Strom Thurmond was screaming and the crowd was going
wild. "There's not enough
troops in the Army," he said, "to force the Southern people to break down
segregation
and admit the Negro race into our theaters, into our swimming pools, into
our schools
and into our homes."
*Sidebar:
By now, you know this quote is inaccurate.
The racist bastard used the term "...the
nigger race..."
That was in 1948. Mr. Thurmond, the governor of South
Carolina at the time, was accepting the
presidential nomination of the States' Rights Democratic Party, commonly
known as the Dixiecrats.
The only reason the party existed was to advance the cause of white supremacy.
Mr. Thurmond and
his rabid followers felt that the national Democratic Party wasn't racist
enough.
Fast-forward to 2002. Mr. Thurmond, who was born in 1902, is still with
us and, in some execrable
corners of the Republican Party, so are his racist midcentury attitudes.
He's a hero to Trent Lott, the
Senate Republican leader, who's now stuck in a morass of controversy for
his recent ringing
endorsement of Mr. Thurmond's 1948 campaign.

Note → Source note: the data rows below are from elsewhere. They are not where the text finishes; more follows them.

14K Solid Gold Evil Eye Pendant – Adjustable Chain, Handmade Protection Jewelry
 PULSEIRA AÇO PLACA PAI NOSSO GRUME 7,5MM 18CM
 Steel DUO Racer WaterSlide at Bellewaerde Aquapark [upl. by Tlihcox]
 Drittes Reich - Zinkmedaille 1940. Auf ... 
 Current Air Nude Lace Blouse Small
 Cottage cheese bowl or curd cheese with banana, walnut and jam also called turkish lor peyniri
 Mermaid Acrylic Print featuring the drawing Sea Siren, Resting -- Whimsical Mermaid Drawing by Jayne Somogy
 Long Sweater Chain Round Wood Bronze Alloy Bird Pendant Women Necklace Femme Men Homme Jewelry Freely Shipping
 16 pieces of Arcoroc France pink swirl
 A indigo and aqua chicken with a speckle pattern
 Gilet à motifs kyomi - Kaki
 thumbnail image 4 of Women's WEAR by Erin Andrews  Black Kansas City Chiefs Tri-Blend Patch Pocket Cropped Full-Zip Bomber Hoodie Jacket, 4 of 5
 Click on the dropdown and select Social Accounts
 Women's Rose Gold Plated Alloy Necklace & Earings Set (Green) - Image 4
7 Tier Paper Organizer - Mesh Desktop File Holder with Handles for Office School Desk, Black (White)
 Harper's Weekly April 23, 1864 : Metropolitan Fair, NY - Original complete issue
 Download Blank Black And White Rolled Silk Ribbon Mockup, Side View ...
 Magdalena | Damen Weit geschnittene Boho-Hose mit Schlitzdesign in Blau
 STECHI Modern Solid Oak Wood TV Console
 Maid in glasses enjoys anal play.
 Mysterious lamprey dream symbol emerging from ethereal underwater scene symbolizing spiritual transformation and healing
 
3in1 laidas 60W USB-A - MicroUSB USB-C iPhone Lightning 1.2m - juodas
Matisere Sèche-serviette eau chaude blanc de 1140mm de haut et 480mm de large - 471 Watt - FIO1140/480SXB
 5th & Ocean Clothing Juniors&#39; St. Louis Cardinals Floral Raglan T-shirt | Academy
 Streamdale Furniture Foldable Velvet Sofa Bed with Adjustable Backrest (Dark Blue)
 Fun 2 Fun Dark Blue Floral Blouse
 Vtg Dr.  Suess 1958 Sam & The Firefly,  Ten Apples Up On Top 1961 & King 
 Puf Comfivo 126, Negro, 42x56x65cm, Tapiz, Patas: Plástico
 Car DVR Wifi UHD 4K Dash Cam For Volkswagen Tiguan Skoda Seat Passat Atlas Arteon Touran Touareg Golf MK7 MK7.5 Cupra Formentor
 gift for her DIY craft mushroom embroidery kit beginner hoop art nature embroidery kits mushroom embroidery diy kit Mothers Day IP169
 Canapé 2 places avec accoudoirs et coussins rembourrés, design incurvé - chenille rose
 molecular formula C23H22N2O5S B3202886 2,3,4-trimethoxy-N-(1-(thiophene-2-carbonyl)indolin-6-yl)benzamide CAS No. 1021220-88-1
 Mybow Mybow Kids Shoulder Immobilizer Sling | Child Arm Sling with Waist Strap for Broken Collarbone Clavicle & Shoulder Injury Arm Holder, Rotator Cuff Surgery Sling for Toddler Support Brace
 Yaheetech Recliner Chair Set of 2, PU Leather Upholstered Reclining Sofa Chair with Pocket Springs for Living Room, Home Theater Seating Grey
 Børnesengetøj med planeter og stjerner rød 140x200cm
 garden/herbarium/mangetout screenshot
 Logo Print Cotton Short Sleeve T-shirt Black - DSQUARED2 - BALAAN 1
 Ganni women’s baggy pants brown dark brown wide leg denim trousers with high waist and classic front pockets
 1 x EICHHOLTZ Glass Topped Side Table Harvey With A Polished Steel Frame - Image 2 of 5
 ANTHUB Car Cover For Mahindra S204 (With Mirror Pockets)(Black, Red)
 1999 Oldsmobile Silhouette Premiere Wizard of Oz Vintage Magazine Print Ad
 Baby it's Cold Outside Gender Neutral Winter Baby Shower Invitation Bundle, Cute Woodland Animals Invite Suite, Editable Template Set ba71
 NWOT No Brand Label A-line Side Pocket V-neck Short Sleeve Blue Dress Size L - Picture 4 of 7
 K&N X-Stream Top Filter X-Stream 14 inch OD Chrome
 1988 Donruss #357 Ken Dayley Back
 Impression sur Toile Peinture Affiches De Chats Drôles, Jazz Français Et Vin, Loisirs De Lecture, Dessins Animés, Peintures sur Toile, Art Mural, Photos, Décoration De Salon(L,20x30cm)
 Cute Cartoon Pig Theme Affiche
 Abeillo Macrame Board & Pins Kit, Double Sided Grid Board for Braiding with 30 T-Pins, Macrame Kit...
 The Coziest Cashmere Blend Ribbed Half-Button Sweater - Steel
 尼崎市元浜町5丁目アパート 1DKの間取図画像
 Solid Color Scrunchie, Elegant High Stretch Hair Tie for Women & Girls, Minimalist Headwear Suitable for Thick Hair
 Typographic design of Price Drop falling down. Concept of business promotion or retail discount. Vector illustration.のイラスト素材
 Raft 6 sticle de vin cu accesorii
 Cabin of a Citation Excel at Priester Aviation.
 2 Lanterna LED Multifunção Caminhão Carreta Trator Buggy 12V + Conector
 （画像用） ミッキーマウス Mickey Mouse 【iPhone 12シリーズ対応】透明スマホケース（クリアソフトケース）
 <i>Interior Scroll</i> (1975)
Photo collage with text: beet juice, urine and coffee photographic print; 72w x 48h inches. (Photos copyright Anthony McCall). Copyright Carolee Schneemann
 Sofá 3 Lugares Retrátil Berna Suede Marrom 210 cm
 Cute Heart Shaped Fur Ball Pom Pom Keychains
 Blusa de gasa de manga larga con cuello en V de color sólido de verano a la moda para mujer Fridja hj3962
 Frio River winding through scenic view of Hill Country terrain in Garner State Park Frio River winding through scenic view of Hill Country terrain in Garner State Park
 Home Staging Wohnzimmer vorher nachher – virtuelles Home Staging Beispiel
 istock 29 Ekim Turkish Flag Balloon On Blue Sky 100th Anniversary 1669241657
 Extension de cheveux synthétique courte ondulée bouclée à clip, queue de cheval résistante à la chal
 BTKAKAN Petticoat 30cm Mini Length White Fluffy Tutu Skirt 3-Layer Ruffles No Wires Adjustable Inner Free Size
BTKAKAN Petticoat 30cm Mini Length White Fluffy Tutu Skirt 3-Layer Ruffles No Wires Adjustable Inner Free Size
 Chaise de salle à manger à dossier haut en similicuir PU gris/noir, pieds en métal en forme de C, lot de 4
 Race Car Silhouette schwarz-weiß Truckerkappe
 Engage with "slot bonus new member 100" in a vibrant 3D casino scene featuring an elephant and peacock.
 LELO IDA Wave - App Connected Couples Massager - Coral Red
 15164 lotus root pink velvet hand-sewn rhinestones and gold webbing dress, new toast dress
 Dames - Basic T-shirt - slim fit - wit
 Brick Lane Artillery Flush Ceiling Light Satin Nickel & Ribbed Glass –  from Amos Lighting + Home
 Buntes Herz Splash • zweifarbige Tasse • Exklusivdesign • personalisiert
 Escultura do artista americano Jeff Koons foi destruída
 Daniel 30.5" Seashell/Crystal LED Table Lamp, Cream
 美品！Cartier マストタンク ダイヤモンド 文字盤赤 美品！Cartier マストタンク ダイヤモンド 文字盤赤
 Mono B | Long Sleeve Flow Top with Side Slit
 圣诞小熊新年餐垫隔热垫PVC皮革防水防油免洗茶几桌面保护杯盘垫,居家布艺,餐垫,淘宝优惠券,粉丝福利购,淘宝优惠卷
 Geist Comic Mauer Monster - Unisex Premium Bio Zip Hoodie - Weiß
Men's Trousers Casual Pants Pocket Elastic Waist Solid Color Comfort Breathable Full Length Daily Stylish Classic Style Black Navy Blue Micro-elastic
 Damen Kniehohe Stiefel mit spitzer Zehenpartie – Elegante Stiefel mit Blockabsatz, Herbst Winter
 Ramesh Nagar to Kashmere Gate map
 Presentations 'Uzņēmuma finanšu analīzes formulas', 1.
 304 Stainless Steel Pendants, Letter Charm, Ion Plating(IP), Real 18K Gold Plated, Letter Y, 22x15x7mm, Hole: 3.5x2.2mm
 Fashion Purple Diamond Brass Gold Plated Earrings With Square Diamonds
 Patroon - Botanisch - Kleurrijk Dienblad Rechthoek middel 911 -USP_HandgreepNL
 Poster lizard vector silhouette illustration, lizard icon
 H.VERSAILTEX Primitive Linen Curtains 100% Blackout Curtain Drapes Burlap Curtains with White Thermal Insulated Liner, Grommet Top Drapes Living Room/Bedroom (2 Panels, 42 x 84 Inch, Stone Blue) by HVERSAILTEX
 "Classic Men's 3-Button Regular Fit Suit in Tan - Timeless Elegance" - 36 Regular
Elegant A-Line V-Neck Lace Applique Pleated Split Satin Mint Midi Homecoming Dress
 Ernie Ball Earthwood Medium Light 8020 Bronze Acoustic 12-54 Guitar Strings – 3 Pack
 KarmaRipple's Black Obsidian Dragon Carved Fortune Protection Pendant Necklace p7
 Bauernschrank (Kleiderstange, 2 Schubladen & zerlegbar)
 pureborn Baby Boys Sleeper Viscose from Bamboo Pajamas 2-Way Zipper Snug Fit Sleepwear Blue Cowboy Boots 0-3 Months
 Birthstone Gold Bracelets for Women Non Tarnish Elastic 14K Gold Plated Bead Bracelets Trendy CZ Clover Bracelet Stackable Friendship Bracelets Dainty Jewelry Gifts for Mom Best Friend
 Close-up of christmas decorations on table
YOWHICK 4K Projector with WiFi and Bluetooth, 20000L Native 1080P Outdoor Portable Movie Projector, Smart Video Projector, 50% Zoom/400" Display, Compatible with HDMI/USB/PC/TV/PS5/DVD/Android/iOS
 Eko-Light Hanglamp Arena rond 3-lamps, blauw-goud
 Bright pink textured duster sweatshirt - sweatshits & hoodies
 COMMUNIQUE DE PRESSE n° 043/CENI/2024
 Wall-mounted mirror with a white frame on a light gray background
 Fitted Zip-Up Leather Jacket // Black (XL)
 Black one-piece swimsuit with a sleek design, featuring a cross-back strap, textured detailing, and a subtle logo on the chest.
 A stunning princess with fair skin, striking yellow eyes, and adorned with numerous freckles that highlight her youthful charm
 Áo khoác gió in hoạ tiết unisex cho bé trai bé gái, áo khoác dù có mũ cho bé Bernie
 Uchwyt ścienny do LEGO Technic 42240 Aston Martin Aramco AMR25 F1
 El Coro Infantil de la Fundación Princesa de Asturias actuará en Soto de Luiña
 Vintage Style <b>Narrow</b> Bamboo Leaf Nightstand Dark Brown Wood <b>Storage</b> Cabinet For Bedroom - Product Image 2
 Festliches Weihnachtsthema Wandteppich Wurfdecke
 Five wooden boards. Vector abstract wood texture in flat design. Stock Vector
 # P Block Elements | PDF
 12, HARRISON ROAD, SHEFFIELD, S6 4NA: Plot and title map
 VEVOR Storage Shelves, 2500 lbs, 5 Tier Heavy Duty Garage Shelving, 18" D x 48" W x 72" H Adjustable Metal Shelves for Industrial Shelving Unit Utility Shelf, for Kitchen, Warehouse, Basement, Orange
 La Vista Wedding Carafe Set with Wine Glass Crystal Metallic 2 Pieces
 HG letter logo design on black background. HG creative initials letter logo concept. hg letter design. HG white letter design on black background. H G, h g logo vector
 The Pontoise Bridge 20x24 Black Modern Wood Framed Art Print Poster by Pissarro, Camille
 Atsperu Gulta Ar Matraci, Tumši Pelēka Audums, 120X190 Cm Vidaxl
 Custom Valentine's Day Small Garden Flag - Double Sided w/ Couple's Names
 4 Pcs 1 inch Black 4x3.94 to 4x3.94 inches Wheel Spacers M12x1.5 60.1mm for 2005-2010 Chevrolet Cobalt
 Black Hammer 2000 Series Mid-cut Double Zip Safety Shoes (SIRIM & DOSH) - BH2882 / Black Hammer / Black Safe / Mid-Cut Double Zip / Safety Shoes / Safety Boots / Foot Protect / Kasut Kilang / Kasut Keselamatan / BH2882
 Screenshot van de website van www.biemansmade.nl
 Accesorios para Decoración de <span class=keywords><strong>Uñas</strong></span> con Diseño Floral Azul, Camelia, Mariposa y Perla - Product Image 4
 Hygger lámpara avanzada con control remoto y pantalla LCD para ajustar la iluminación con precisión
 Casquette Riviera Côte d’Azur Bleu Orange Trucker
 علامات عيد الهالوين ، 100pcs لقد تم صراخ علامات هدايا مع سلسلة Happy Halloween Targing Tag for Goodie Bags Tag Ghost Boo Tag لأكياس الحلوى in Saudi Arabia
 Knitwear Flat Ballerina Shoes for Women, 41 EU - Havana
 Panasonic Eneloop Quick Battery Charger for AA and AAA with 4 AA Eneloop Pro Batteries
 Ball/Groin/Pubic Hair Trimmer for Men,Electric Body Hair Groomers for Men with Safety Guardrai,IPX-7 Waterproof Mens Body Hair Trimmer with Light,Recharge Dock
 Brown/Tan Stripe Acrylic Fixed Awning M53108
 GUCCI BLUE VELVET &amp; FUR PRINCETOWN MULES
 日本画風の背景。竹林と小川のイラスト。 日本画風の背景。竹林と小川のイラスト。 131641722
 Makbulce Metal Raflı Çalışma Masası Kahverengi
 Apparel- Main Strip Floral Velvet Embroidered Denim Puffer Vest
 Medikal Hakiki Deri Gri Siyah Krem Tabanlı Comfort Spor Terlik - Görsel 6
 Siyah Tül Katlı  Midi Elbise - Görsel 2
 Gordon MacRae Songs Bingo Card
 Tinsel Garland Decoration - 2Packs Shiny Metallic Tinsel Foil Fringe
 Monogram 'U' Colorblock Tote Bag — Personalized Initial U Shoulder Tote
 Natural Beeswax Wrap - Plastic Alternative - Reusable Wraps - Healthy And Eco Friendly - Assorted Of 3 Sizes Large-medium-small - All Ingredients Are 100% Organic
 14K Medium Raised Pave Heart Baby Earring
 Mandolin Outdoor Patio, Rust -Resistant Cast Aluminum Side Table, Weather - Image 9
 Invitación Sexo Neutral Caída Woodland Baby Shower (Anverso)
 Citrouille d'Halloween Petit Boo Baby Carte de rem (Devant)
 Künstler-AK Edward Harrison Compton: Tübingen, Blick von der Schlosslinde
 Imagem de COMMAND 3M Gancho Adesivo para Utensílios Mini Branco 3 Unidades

But Mr. Lott is not the only culprit here. The Republican Party has become
a haven for white racist
attitudes and anti-black policies. The party of Lincoln is now a safe house
for bigotry. It's the party of
the Southern strategies and the Willie Horton campaigns and Bob Jones University
and the relentless
and unconscionable efforts to disenfranchise black voters. For those who
now think the Democratic
Party is not racist enough, the answer is the G.O.P. And there are precious
few voices anywhere in
the G.O.P. willing to step up and say that this is wrong.
Mr. Lott got into trouble last week when, at a party for Mr. Thurmond's
100th birthday, he told the
guests with great emphasis: "I want to say this about my state. When Strom
Thurmond ran for
president, we voted for him. We're proud of it. And if the rest of the
country had followed our lead, we
wouldn't have had all these problems over all these years, either."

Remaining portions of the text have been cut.